Patient safety is crucial in high-risk specialties such as orthopedic surgery due to the significant incidence of preventable adverse events. Analyzing extensive databases of orthopedic surgery-related incidents in operating rooms is vital for enhancing medical safety and identifying targeted interventions. This study analyzed orthopedic surgery-related incidents in operating rooms using a nationwide incident reporting database in Japan to identify risk factors associated with severe harm.

METHODS

We extracted orthopedic surgery-related incidents in the operating room from the Japan Council for Quality Health Care's database, which contained 127,207 near-miss and adverse event reports recorded between January 1, 2010 and September 30, 2022. We analyzed 882 incident cases, focusing on patient demographics, incident timing, surgical site, incident causes, and severity levels.

RESULTS

The most incidents involved surgeons (93.3 %) with an average of 16.0 ± 8.5 years of experience.

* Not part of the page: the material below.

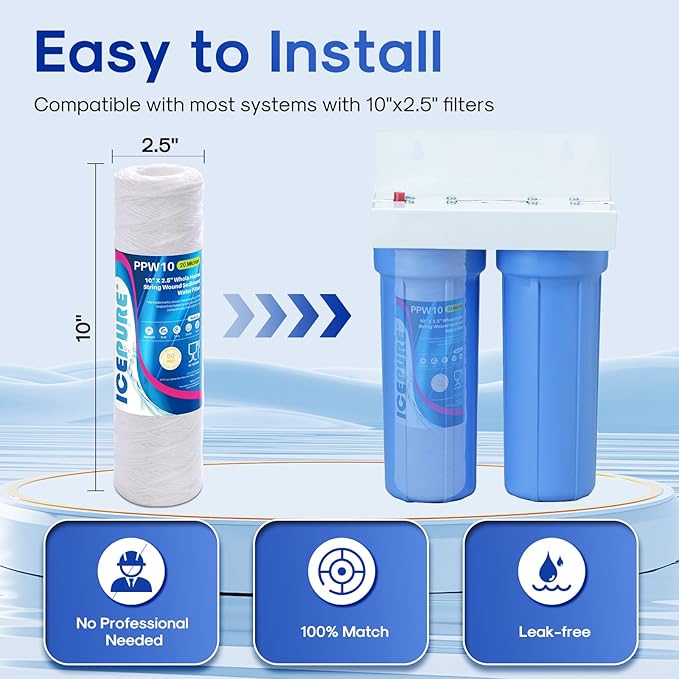 ICEPURE 20 Micron 10" x 2.5" Whole House String Wound Sediment Water Filter for Well filter Replacement for Aqua-Pure AP110, WP-5, Culligan P5, CFS110, CW-MF, WFPFC4002, Any 10 inch RO Unit, 3PACK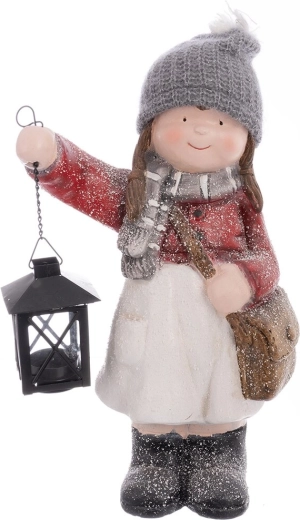 Karácsonyi dekoráció: kislány lámpással, polyresin, 39 cm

The frequent causes were "failure to check" (48.0 %) and "misjudgment" (24.0 %), which were non-technical errors. "Errors in methods/procedures" accounted for 37.1 % of incidents, possibly due to a wide variety of surgical approaches and implants used in orthopedic surgeries. Regarding severity, 86 % were critical incidents that threatened patients' livelihoods or lives. Surgeries involving surgeons had a significantly higher risk of severe harm than those involving healthcare professionals other than surgeons (odds ratio: 3.311, 95 % confidence interval: 1.858-5.901).

CONCLUSIONS

This study revealed that most of orthopedic surgery-related incidents in operating rooms involved experienced surgeons and resulted in severe patient harm. The frequent causes were failure to check, misjudgment, and errors in methods/procedures. These highlight the crucial role of orthopedic surgeons in actively contributing to medical safety databases and fostering a culture of reporting within their field.

摘要

背景

由于可预防不良事件的发生率较高,患者安全在骨科手术等高风险专科中至关重要。分析手术室中大量与骨科手术相关的事件数据库对于提高医疗安全性和确定有针对性的干预措施至关重要。本研究使用日本的全国性事件报告数据库分析了手术室中与骨科手术相关的事件,以确定与严重伤害相关的风险因素。

方法

我们从日本医疗质量理事会的数据库中提取了手术室中与骨科手术相关的事件,该数据库包含2010年1月1日至2022年9月30日期间记录的127,207份未遂事件和不良事件报告。我们分析了882例事件案例,重点关注患者人口统计学、事件发生时间、手术部位、事件原因和严重程度级别。

结果

大多数事件涉及外科医生(93.3%),平均经验为16.0±8.5年。常见原因是“未检查”(48.0%)和“判断错误”(24.0%),这些是非技术性错误。“方法/程序错误”占事件的37.1%,这可能是由于骨科手术中使用的手术方法和植入物种类繁多。关于严重程度,86%是威胁患者生计或生命的严重事件。涉及外科医生的手术比涉及外科医生以外的医疗专业人员的手术造成严重伤害的风险显著更高(优势比:3.311,95%置信区间:1.858 - 5.901)。

结论

本研究表明,手术室中大多数与骨科手术相关的事件涉及经验丰富的外科医生,并导致患者严重伤害。常见原因是未检查、判断错误和方法/程序错误。这些突出了骨科外科医生在积极为医疗安全数据库做出贡献以及在其领域内营造报告文化方面的关键作用。